Nous nous rencontrions secrètement dans le vieux temple, nous rappelant les jours anciens, discutant de notre présent, appréhendant notre futur, révélant progressivement les secrets cachés dans les profondeurs de nos coeurs et nous plaignant mutuellement de notre malheur et notre souffrance, essayant de nous consoler avec des espoirs imaginaires et des rêves tristes.
De temps à autre, nous recouvrions notre calme, essuyions nos larmes et commencions à sourire, oubliant tout sauf l'amour. Nous nous étreignions jusqu'à ce que nos coeurs se mélangent, puis Selma déposait un baiser sur mon front et remplissait mon coeur d'extase.
Je lui rendais son baiser tandis qu'elle baissait son cou éburnéen et que ses joues se rosissaient joliment comme le premier rayon de l'aube sur le front des collines. Nous regardions silencieusement le lointain horizon où les rayons orange du crépuscule coloraient les nuages.
Nos discussions ne se limitaient pas à l'amour. De temps à autre nous devisions sur d'autres sujets et échangions des idées.
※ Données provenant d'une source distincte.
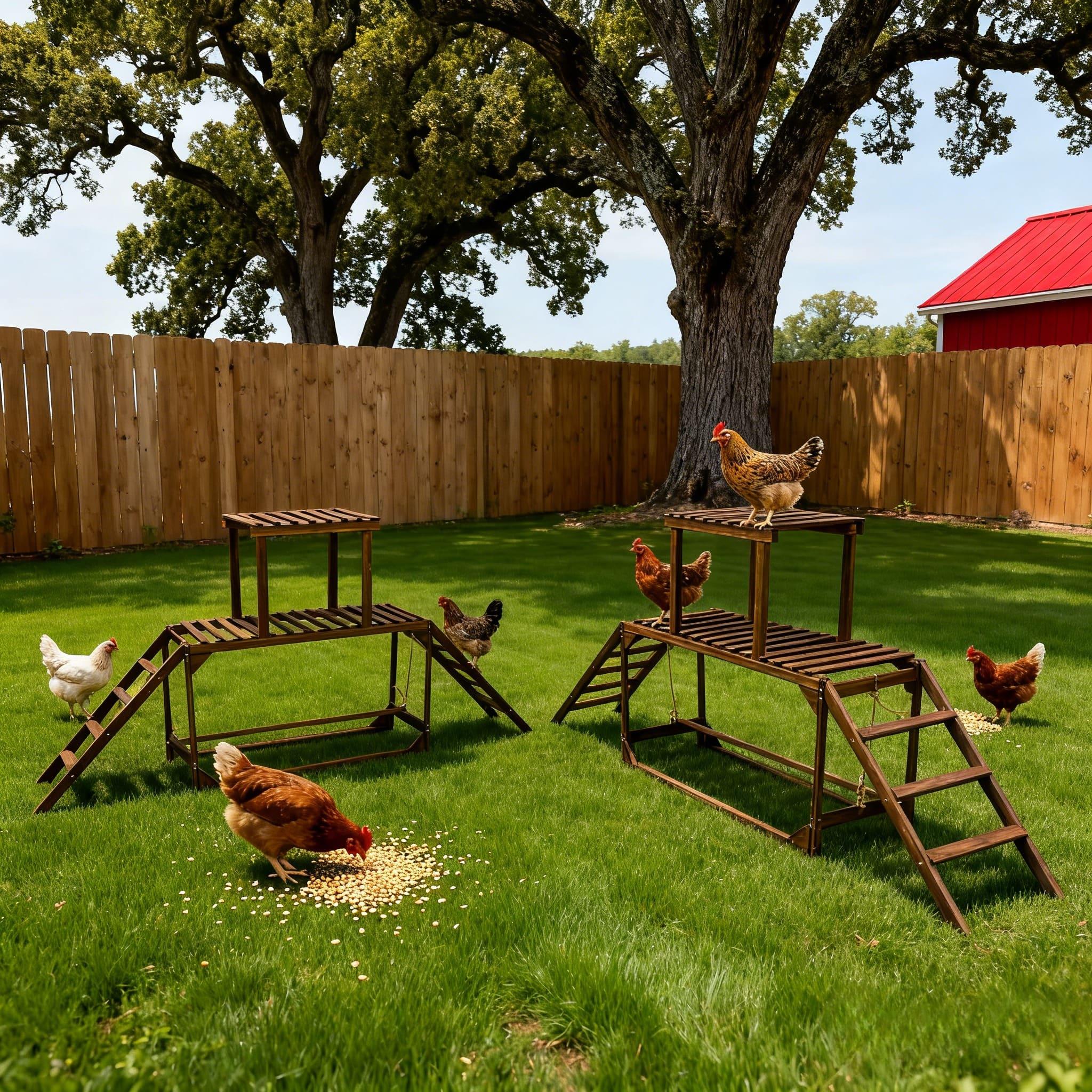 A Sturdy Wooden Chicken Perch - Chicken Perch Swing, Pine Wood Chicken Roosting Bars With Swing Wooden Chicken Climbing Ladder Activity Play Toys For Pet's Healthy & Happy, For Backyard Farm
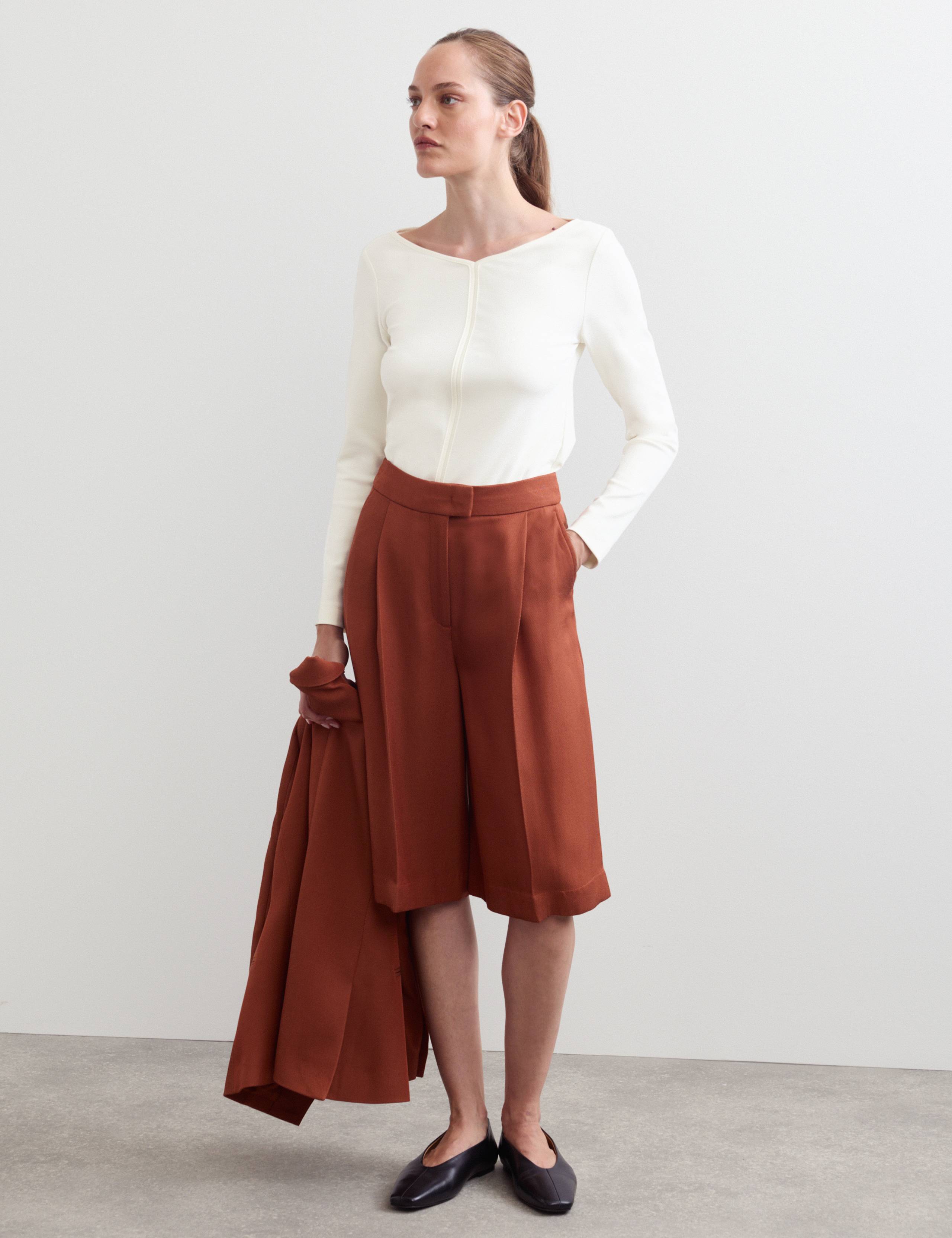 Cotton Modal Blend V-Neck Stitch Detail Top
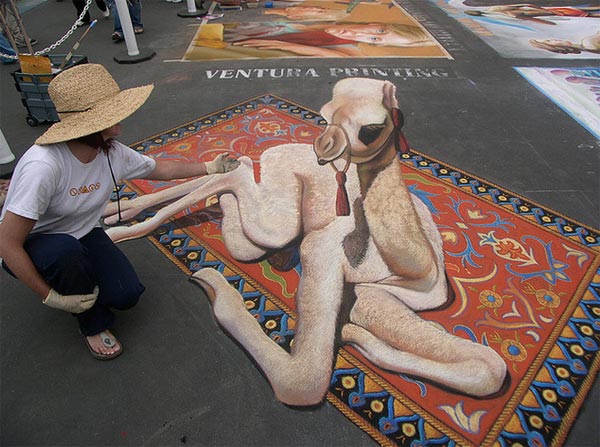 Desert Baby Camel 3D Street Painting Art 1 Some Really Creative 3D Street Art Paintings Collection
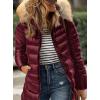 imagePRETTYGARDEN Womens Long Winter Puffer Coats Hooded Zip Up Thickened Parka Down Jackets Trendy Fashion Warm OuterwearWine Red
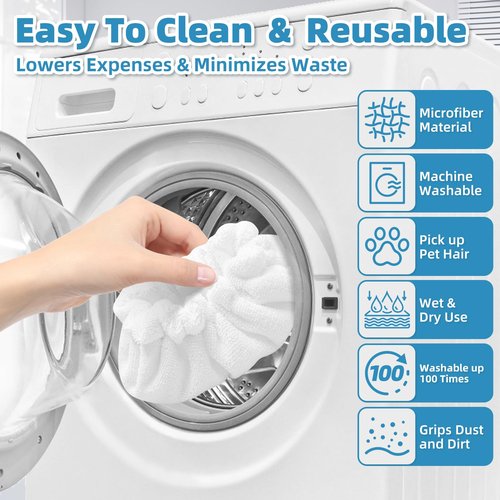 LOVECO 6 Pack Large Bonnets (Rectangle) Steam Mop Pads Compatible with Dupray Steam Cleaner & awasky Steam Cleaner, etc, Reusable Washable Steam Cleaner Accessories for Multi-Surface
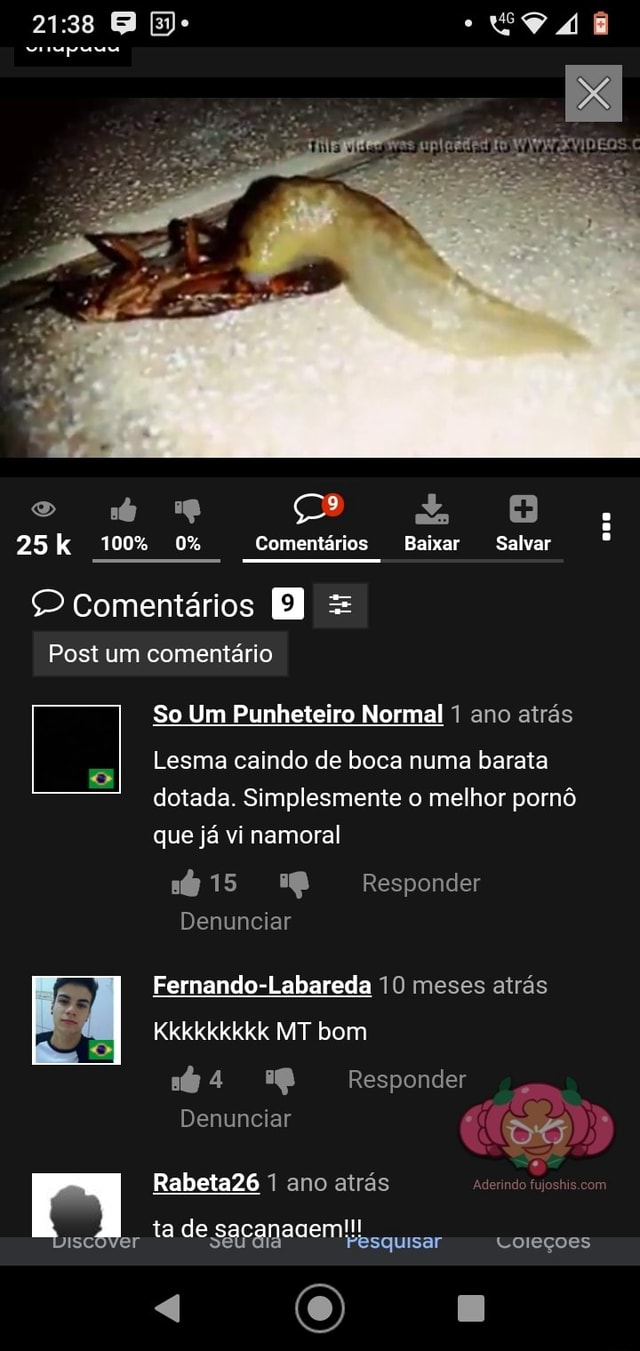 25 100% 0% Comentários Baixar Salvar Comentários = Post um comentário So Um  Punheteiro Normal 1 ano atrás Lesma caindo de boca numa barata dotada.  Simplesmente o melhor pornô que já vi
Au gré de la conversation, Selma parlait de la place de la femme dans la société, de l'empreinte que des générations passées avaient laissées sur son caractère, de la relation entre mari et femme, des maladies et de la corruption spirituelles qui menaçaient la vie maritale.
Je me rappelle l'avoir entendu dire : "Les poètes et les écrivains essaient de comprendre la réalité de la femme, mais jusqu'à aujourd'hui, ils n'ont pas compris les secrets cachés de son coeur, parce qu'ils la regardent à travers le voile sexuel et n'en voient que l'aspect extérieur. Ils la regardent à travers le verre magnifiant de la nature détestable et ne trouvent que faiblesse et soumission."